(Beginning of Records for the task)
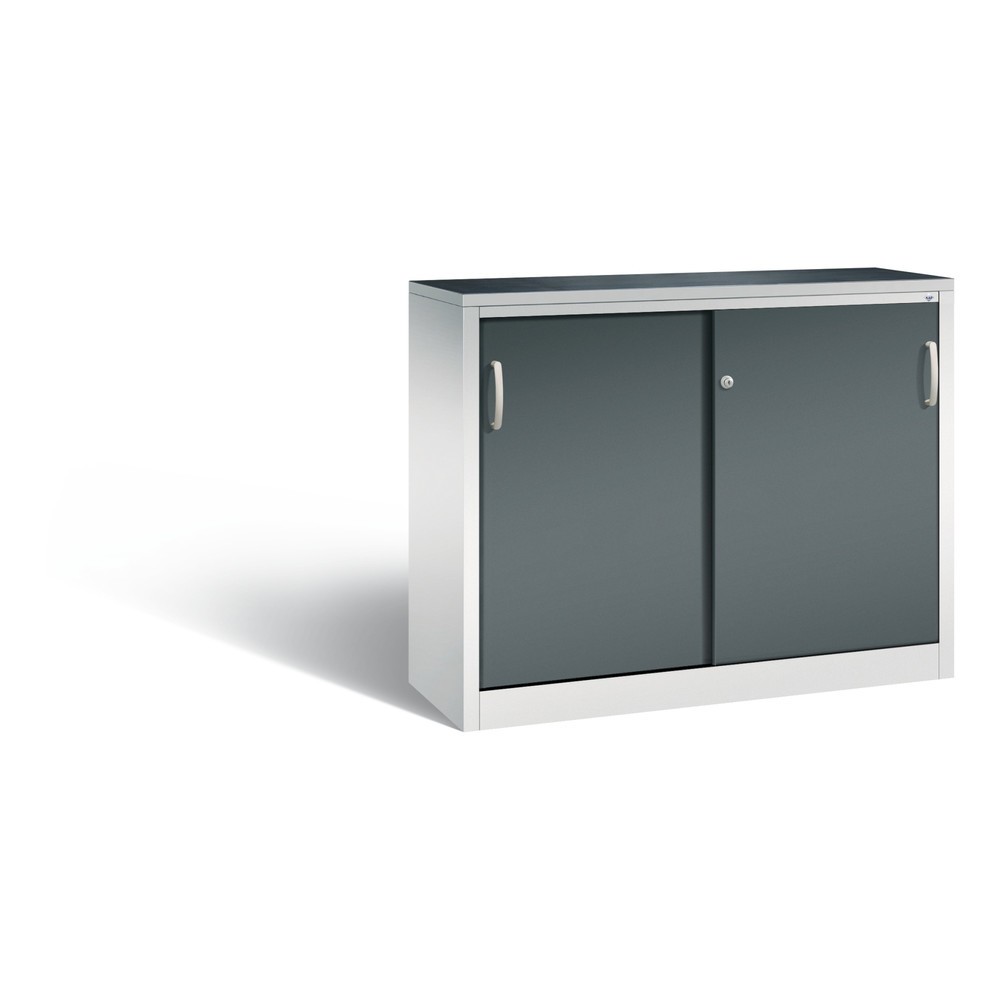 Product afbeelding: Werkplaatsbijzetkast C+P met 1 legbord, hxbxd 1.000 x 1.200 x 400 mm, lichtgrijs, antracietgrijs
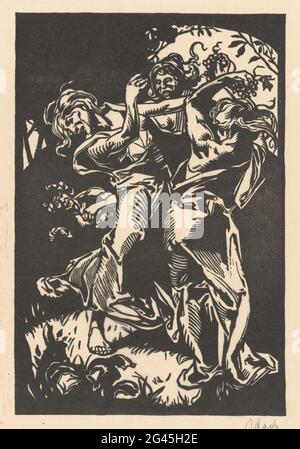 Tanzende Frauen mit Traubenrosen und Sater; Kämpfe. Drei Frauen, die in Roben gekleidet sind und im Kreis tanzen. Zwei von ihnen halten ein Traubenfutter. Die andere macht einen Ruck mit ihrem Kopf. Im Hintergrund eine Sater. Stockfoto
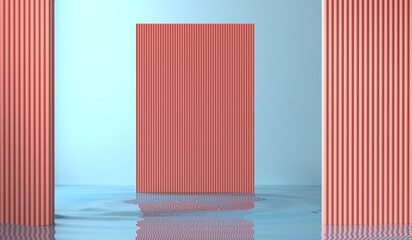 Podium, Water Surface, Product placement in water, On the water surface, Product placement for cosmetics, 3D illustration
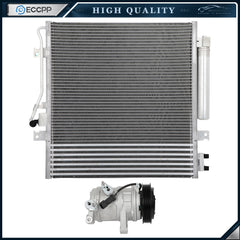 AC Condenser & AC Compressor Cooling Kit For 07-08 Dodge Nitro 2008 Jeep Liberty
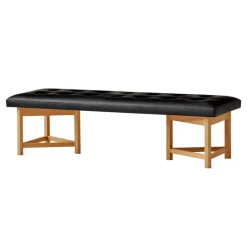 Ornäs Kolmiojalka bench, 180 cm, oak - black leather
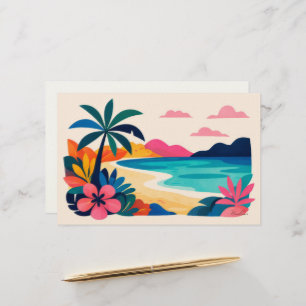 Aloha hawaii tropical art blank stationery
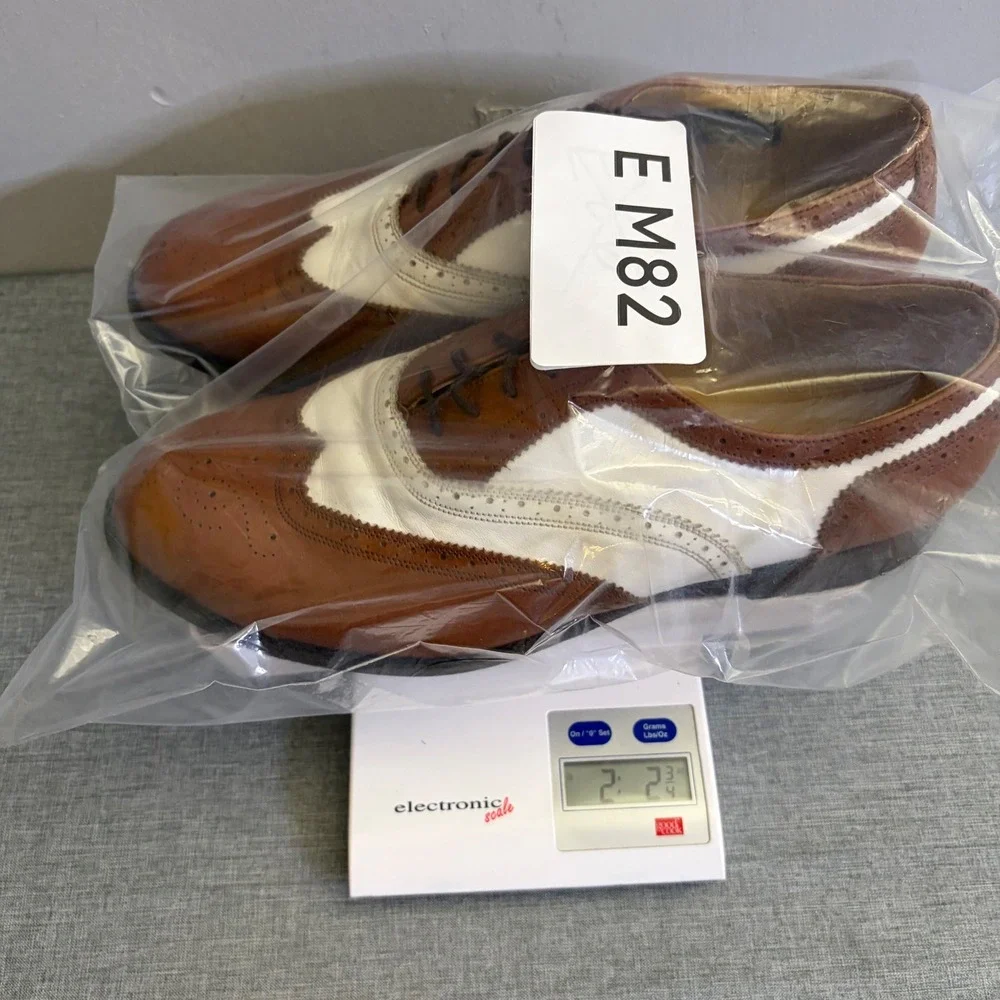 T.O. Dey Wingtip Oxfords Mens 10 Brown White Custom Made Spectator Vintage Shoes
(End of Records for the task)
(Beginning of Records for the task)
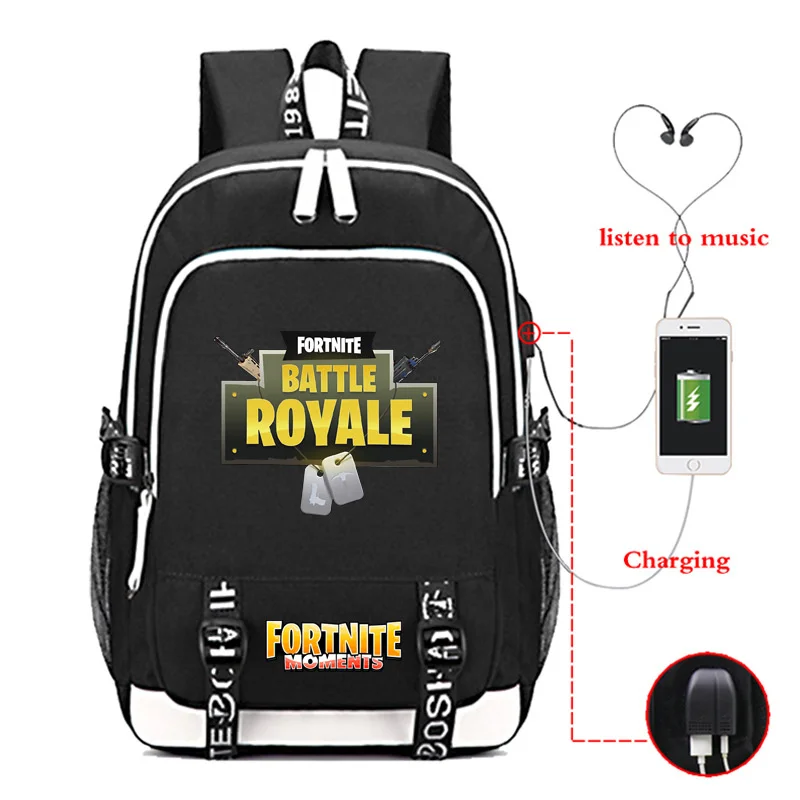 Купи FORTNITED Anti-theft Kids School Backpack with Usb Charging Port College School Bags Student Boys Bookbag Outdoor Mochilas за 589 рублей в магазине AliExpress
(End of Records for the task)
(Beginning of Records for the task)
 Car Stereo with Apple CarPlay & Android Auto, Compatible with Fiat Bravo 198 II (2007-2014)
(End of Records for the task)
# Problem to solve
Beginning with the line holding "Podium, Water Surface, Product" in the material above, restate word for word each line through the line holding "T.O. Dey Wingtip", and exclude pictures.

# Finished task
 Podium, Water Surface, Product placement in water, On the water surface, Product placement for cosmetics, 3D illustration
 AC Condenser & AC Compressor Cooling Kit For 07-08 Dodge Nitro 2008 Jeep Liberty
 Ornäs Kolmiojalka bench, 180 cm, oak - black leather
 Aloha hawaii tropical art blank stationery
 T.O. Dey Wingtip Oxfords Mens 10 Brown White Custom Made Spectator Vintage Shoes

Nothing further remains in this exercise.